The promise of production cuts from OPEC and its partners sent oil rallying in 2016. Now traders want proof they’re delivering on those vows. It won’t come easy.
The challenge: Building a coherent picture from the morass of data that emerges at each step along the process, from the wellheads where the oil is produced, to the tankers that carry it, and the depots that store it.
Unlike in the U.S., where output is published weekly, members of the Organization of Petroleum Exporting Countries can take months to disclose their production. Beyond that, their data can be at odds with independent surveys, and countries have been known to cheat on such deals. With a rising U.S. rig count offering a bearish undertone, each new hint on the accord’s implementation can be expected to swing prices.
“The market could be whipsawed more by data and headlines than in the past,” said Michael Cohen, head of energy commodities research at Barclays Plc in New York, in a telephone interview. “Data lags will be the primary problem in tracking cuts.”
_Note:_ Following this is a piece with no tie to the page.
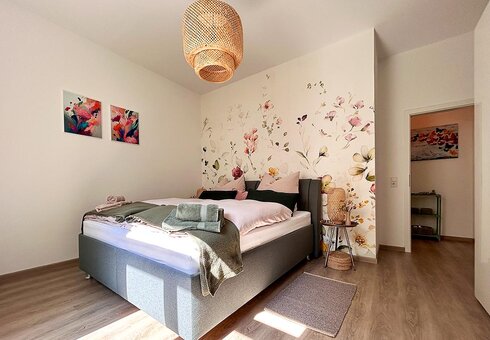 Schlafzimmer mit Doppelbett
Brent crude, the global benchmark, has surged 22 percent since Nov. 29, the day before the deal was sealed among OPEC’s members. The grade was trading at $56.75 a barrel at 7:12 a.m. in London. Future price increases for crude will depend on a wide variety of signposts. Here’s a breakdown on what to look for:
1. Upstream
The first indications will come at the start of next month, when media outlets such as Bloomberg, Thomson Reuters and Platts publish surveys of production. Estimates from institutions such as the International Energy Agency and U.S. Energy Information Administration arrive a week or two later.
As “no one’s counting barrels at Abqaiq,” the Saudi oil-processing facility, these have to be modeled on computers, Barclays’ Cohen says.
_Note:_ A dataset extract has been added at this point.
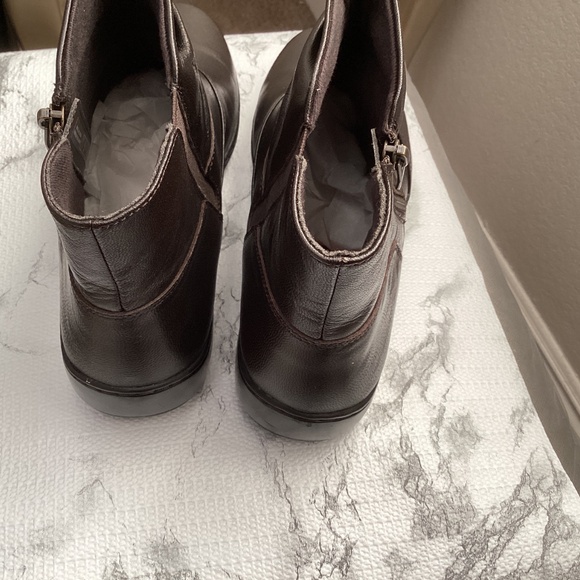 Clarks Booties NIB size 9.5W - Picture 4 of 10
“While we consider official production data published by OPEC governments, we come up with our own estimates,” said Lejla Villar, an analyst who estimates OPEC output at the EIA, part of the U.S. Energy Department. “We look at crude oil loadings, estimated domestic consumption and refinery runs, storage, and whatever else might be relevant.”
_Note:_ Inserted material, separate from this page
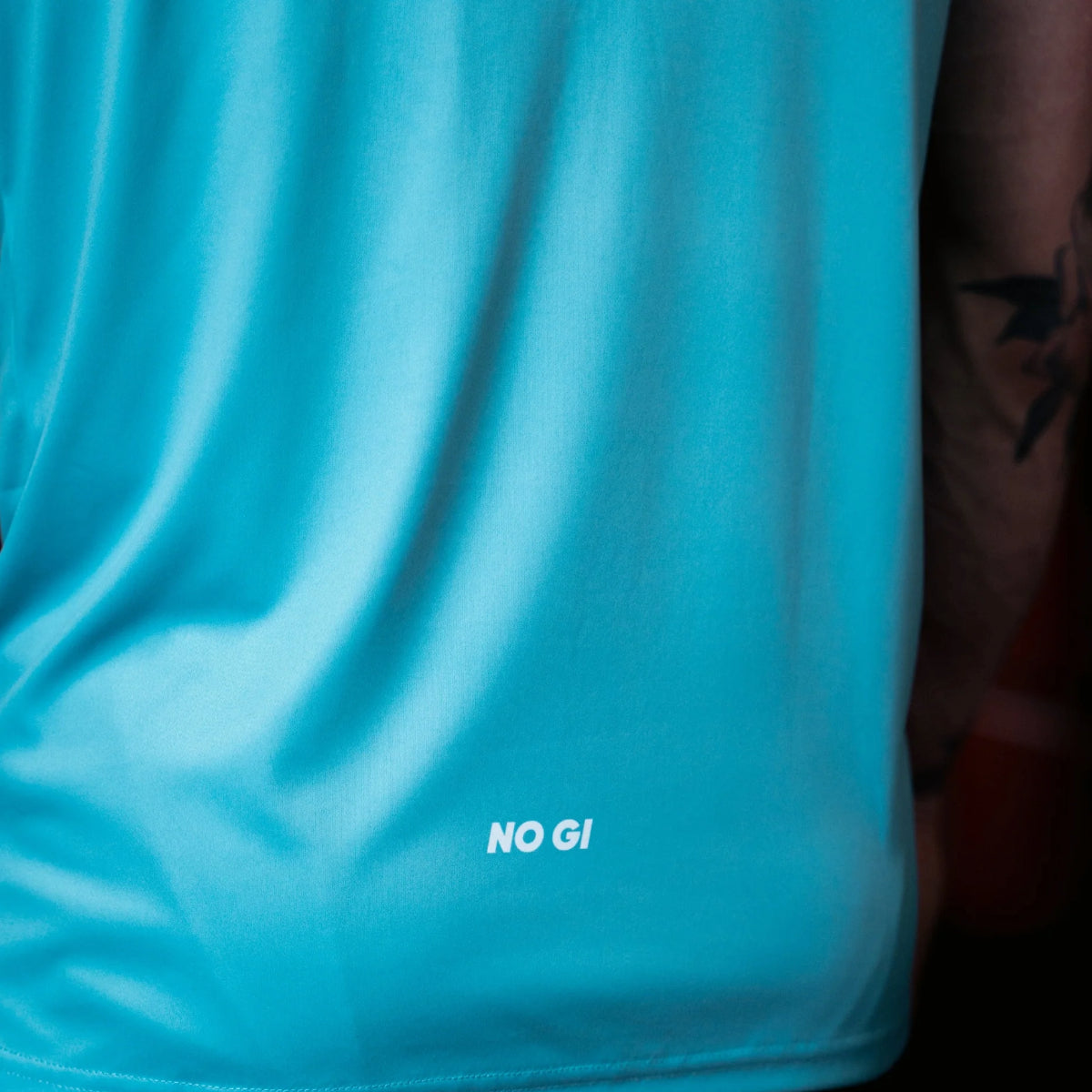 Progress Rolling Tee Aqua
OPEC won’t publish production levels until the middle of next month. Even then, the waters will be muddied as the organization provides two sets of data: the one used to monitor the agreement, compiled from the surveys described above, and numbers submitted directly by member governments, which can differ significantly.
Monitoring the 11 non-members collaborating in the deal could be even harder, as data for the smaller producers like South Sudan and Equatorial Guinea are very patchy.
“At the moment it’s hard to be sure how much announced production cuts have been followed or matched by actual changes,” said Damian Kennaby, director in the oil markets team at IHS Markit Ltd, whose estimates are among the external ones used by OPEC. “There are very few data on current production numbers and balances.”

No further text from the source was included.